嫌なことはパンダに、嬉しいことはキリンに食べさせよう。

パンダとキリンをどう使い分けるか、それが問題だ。

嫌なことや恥ずかしいことは、パンダに食べさせて、嬉しいことや楽しいことは、キリンに食べさせよう。


以前、上野動物園に研修で出かけて学んだことです。
子ども達から大人気のパンダ…
確かに愛らしくて、平日でも、それなりのお客さんを集める魅力はわかります。

そんなパンダは、クマの仲間で、体の中の作り、消化器は、肉食系のものなのだそうです。

そんなパンダが笹だけで必要な栄養素を取らなくてはならないのですから、あんなに食べ続ける必要があるのです。

そして、ウンチです。
消化器が肉食系のため、笹の養分を吸収しにくく、ほとんど笹の葉っぱのようなまま、食べた分だけ大量に出ます。

一方、キリンは、ウシの仲間で、一度食べた葉っぱを胃から口に戻して、噛み砕き、また胃に戻す、という「反芻」をします。

人間の感覚では、とても不衛生ですが、キリンにとって反芻している時間は、リラックスした素敵な時なのだそうです。

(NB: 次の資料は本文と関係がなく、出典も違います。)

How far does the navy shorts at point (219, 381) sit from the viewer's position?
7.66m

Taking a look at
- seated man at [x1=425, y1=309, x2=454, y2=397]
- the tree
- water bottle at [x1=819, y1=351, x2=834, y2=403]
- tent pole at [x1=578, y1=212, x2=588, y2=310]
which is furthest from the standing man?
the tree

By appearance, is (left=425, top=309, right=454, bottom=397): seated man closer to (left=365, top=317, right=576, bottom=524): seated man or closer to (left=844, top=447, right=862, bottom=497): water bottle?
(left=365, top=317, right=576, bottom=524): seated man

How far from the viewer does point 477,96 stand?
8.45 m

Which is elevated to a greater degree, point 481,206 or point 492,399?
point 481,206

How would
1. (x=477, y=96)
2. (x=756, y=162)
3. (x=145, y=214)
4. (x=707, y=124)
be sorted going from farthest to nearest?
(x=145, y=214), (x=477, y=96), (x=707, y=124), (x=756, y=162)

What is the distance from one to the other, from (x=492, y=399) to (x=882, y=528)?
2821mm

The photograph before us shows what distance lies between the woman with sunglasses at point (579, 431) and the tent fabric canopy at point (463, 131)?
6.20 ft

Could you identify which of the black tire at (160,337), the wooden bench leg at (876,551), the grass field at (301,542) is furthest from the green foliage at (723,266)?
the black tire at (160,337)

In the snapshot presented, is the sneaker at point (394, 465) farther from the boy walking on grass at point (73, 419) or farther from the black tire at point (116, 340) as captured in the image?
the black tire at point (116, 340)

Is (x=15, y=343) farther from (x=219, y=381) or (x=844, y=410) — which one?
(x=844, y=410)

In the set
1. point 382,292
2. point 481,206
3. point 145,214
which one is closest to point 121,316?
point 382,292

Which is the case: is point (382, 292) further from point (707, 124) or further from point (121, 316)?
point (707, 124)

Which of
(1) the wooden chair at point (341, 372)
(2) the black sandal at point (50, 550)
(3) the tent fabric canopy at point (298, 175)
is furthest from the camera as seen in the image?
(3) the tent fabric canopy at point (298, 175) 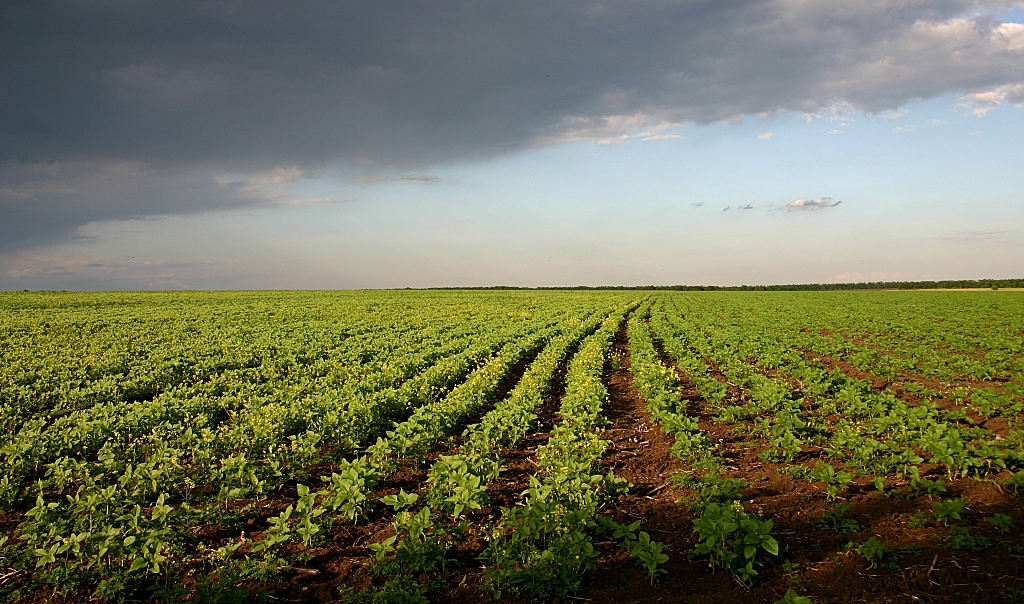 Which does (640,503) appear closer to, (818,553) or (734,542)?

実際、私がキリンが反芻している様子を見ていると、ぼんやり木に寄りかかり、ウトウトしそうな雰囲気でした。

本題はここからです。
リラックスした時に、ふと思い出すのは、どんなことでしょうか。

私の場合、なぜか脈絡なく、自分の失敗を思い出し、ガッカリしたり、恥ずかしい思いをまた感じたりしていることが多いのです。

これは、嫌な思い出、恥ずかしさの反芻です。
それでは、私自身の中で、嫌なこと、恥ずかしいことが増え、濃くなってしまいます。

どう生きていたって、嫌なことや恥ずかしいことはあるに決まっています。

嫌なことや恥ずかしいことは、パンダにとっての笹です。食べて、食べて、あんなに食べて、ほとんど消化していないかのように、ドーンと出す!

逆に、いい思い出、楽しかったことは、キリンのように反芻して至福のときを過ごせばいいのですね。

嫌なことでしょげているお子さんには、ぜひパンダのぬいぐるみを渡してみましょう。

あの可愛らしさも手伝って、嫌な気持ちも食べてくれるに違いありません。